One of Byzantium's greatest achievements was its sumptuous mosaics. With the rise of the Byzantine Empire from the 5th century onwards, centred on Byzantium (now Istanbul, Turkey), the art form took on new characteristics. These included Eastern influences in style and the use of special glass tesserae called smalti, manufactured in northern Italy. These were made from thick sheets of coloured glass. Smalti have a rough surface and contain tiny air bubbles. They are sometimes backed with reflective silver or gold leaf.
The art of creating mosaic patterns grew and developed with the rise of the Byzantine Empire in the 5th century. New characteristics appeared in mosaics with Eastern influences in style and the use of glass tesserae, known as smalti, sourced from northern Italy. This added new texture and life to the mosaic patterns being created, with the smalti, which were cut from thick sheets of colored glass and had a rough surface and tiny air bubbles throughout, being backed by reflective silver or gold leaf.
Byzantine glass mosaic tile or smalti is the type of opaque glass tile used in classical Byzantine mosaics. Smalti is not molded into uniform shapes like modern glass mosaic tile.
Smalti is made by mixing glass and various minerals according to traditional recipes and melting the mixture in a furnace.

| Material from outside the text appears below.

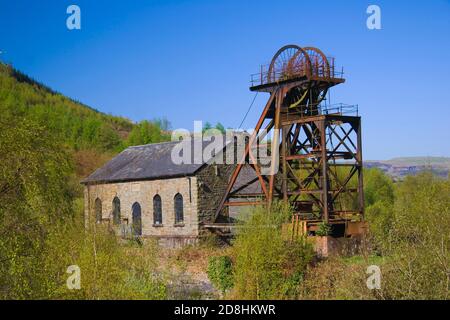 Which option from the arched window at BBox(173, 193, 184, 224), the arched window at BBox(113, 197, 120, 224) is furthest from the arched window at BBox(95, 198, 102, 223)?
the arched window at BBox(173, 193, 184, 224)

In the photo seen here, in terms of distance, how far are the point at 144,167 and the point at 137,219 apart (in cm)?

The molten glass is then poured onto a slab for cooling, and then cut by hand into rectangular pieces. The pieces are about 1/2" or smaller and they aren't perfect rectangles. They vary in thickness, shape, size and color.

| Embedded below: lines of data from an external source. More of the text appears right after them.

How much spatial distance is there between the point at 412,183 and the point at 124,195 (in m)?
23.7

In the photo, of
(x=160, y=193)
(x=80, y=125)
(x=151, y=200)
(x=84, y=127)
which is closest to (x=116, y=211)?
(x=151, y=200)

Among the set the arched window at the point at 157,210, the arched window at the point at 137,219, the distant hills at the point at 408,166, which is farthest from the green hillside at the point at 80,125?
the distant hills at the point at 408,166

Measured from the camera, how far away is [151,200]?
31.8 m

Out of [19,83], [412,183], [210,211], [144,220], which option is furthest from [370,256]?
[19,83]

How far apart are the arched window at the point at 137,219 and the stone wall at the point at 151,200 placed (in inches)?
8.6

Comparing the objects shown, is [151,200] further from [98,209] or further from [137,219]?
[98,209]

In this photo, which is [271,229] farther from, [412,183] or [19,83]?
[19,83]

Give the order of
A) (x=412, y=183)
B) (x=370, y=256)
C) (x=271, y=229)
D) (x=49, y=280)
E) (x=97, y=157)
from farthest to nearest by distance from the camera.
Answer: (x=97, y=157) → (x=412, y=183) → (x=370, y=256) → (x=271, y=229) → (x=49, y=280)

Mosaics made in Ravenna for the Ostrogoth king Theodoric are the first full manifestations of byzantine art in the west. As seen in two of the foremost works from his time, the baptistery of the arians and the church of Santís Apollinare Nuovo, the gold background now dominates. Accompanying it was silver, a novelty among the mosaics of Italy.
Also there were efforts made to uncover the Byzantine mosaics of Hagia Sophia(Ayasofia museum) Istanbul, Turkey. Restoration work in the 20th century was begun in 1932 by the American Byzantine Institute, during which most of the figures were uncovered.
Due to its long history as both a church and a mosque, a particular challenge arises in the restoration process. The Christian iconographic mosaics are being gradually uncovered. However, in order to do so, important, historic Islamic art would have to be destroyed. Restorers have attempted to maintain a balance between both Christian and Islamic cultures.